Non è solo il ciclo politico di questo centrodestra a giungere al capolinea. Non è solo il fallimento della classe dirigente meno presentabile che l’Italia abbia mai avuto, con i suoi Verdini, le sue Brambilla, i Calderoli, i Bondi, i La Russa e chi più ne ha più ne metta. Più nel profondo stiamo vivendo una svolta culturale con il rigetto della suggestione berlusconiana. Basta con i politici che si vantano di fare il “bunga bunga”; basta con le barzellette che ci screditavano sul palcoscenico dei vertici internazionali; basta con le pernacchie a dileggio degli avversari; basta con l’ostentazione sfacciata del privilegio come misura del potere.
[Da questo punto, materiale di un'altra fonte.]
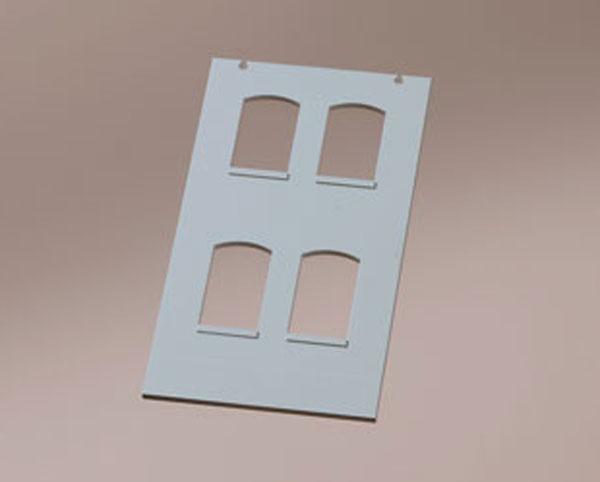 Walls with window openings gray (8pc)<br /><a href='images/pictures/Auhagen/80708.jpg' target='_blank'>Full size image</a>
Nelle due settimane intercorse fra il primo turno e i ballottaggi si è consumata una vera e propria rotta del centrodestra. I suoi candidati sono arretrati ulteriormente nel consenso popolare. Appena gli elettori hanno percepito lo smottamento, hanno adoperato lo strumento democratico del voto per rimuovere personaggi considerati fino a ieri inamovibili. Neanche la proverbiale megalomania di Berlusconi gli consentirà di scaricare la colpa del disastro sui suoi sottoposti. Nel Popolo della libertà sta per cominciare il fuggi fuggi generale. Resta solo da vedere quanto tempo ci metterà la Lega a svincolarsi, ammesso che ciò le sia possibile visto che i suoi uomini sono abituati da molto tempo alle comodità delle poltrone di governo e di sottogoverno. Nel frattempo la Lega perde dappertutto, anche nel suo tanto magnificato “territorio”.
Per consolarsi, gli esponenti del centrodestra usano ripetere in queste ore che non esiste ancora nel paese un’alternativa di governo del centrosinistra. Già mi immagino estenuanti polemiche giornalistiche, amplificate dai telegiornali berlusconiani, sul centrosinistra divenuto sinistra centro, ovvero ricattato dalle estreme. Ma ho l’impressione che si tratti di un argomento debole, perché il centrosinistra dispone di un’arma democratica rivelatasi efficacissima: le primarie. Riconoscendo la sovranità dei cittadini nella selezione del candidato al governo, e sollecitando la loro partecipazione attiva, il centrosinistra risdulta decisamente più in sintonia con il vento del cambiamento.